Record-Breaking Seed Funding (Mid 2025)
July 2025: Just months after its inception, Thinking Machines Lab closed a record-breaking seed funding round. The startup raised an astonishing $2 billion in a seed round led by Andreessen Horowitz (a16z)[13]. The deal included a roster of prominent investors: Nvidia, AMD, Cisco, ServiceNow, Accel, and the quantitative trading firm Jane Street all piled into the round[14][15]. This investment valued the young company at approximately $12 billion post-money[13]. It was one of the largest first-round financings in Silicon Valley history – “the largest seed funding round in history,” according to Wired[16]. For context, this single seed round was 4× bigger than any previous seed in venture capital records[16], underscoring the fever pitch of investor appetite for AI in 2025.
This massive bet was placed before the company had any publicly available product or revenue – purely on the strength of Murati’s reputation and her team’s expertise. As Reuters noted, the funding underscored Murati’s “ability to attract investors in a sector where top executives have become coveted targets in an escalating talent war.”[17][18] In other words, investors were effectively funding people, not products. One veteran venture capitalist commented on LinkedIn: “$2B seed. No product. No revenue. No roadmap... That’s not investing. That’s speculation.” He argued this deal signaled that pedigree had replaced fundamentals, with Murati’s résumé serving as the entire investment thesis[19]. Indeed, the deal structure even included interesting players: the government of Albania (Murati’s home country) invested $10 million as part of the round – an unusual move that required Albania’s parliament to amend its national budget to become a startup investor[20].
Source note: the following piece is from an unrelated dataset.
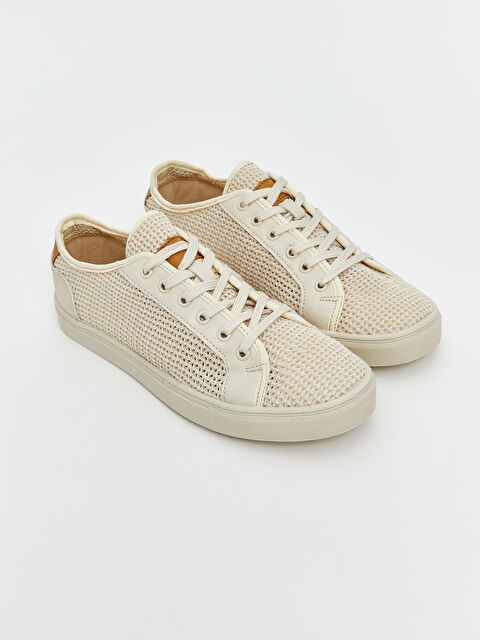 LCW STEPS Bağcıklı Erkek Spor Ayakkabı - S5NO80Z8-EYM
The valuation also jumped higher than initially rumored. In June 2025, multiple outlets (e.g. Financial Times) reported that Murati was close to raising $2B at a $10 billion valuation[21]. By the time the round closed in mid-July, the valuation had leapt to $12 billion[14]. This late surge in valuation suggests competitive FOMO among investors – likely more firms wanted in once word got out, driving up the price. As one tech journalist quipped, “The VCs who poured $2B into Thinking Machines pre-launch are probably not having fun [right now].”[22] That remark (made in early 2026 when things soured) underscores how extraordinary – and risky – such a rich seed investment was.
Use of Funds: With $2 billion in fresh capital, Thinking Machines Lab suddenly had one of the biggest war chests of any AI startup. The company indicated it would spend heavily on computing infrastructure and talent. Indeed, it soon struck a deal with Google Cloud to provide the cloud GPU/TPU resources needed to train its AI models[23][24]. The team also continued to hire aggressively; by mid-2025 it had about 50 employees[25] (a large headcount for a months-old startup). The implicit expectation was that this money would fund the development of “frontier” AI systems – potentially training large-scale models rivaling GPT-4 or beyond. Murati hinted in July that the first product would arrive “in the next couple months” and include a “significant open source component” to benefit researchers and startups[26][27]. The stage was set for an ambitious debut.
First Product Launch: Tinker (October 2025)
October 1, 2025: After months of secrecy, Thinking Machines Lab launched its first product, an AI developer tool called “Tinker.” Tinker is a cloud-based API for fine-tuning large language models (LLMs)[28]. In essence, it automates and simplifies the process of customizing a frontier-scale AI model for specific tasks. “We believe [Tinker] will help empower researchers and developers to experiment with models and will make frontier capabilities much more accessible to all people,” Murati said at the product’s reveal[28][29].
What Tinker Does: Fine-tuning state-of-the-art models typically requires significant expertise in distributed training, access to large GPU clusters, and careful management of training runs. Tinker abstracts away much of that complexity. Users can write a few lines of code to send a fine-tuning job to the Tinker API, supplying their training data and choosing from supported base models[30]. Thinking Machines Lab runs the fine-tuning on its internal infrastructure and then lets the user download the resulting customized model[30]. At launch, Tinker supported at least two major open-source model families: Meta’s LLaMA and Alibaba’s Qwen[30]. It supported both supervised fine-tuning and reinforcement learning (RL) from human feedback loops for alignment[31][32]. One beta tester noted that “Tinker is definitely much simpler than doing the RL from scratch,” highlighting that it significantly lowers the barrier to entry for advanced model tweaking[33].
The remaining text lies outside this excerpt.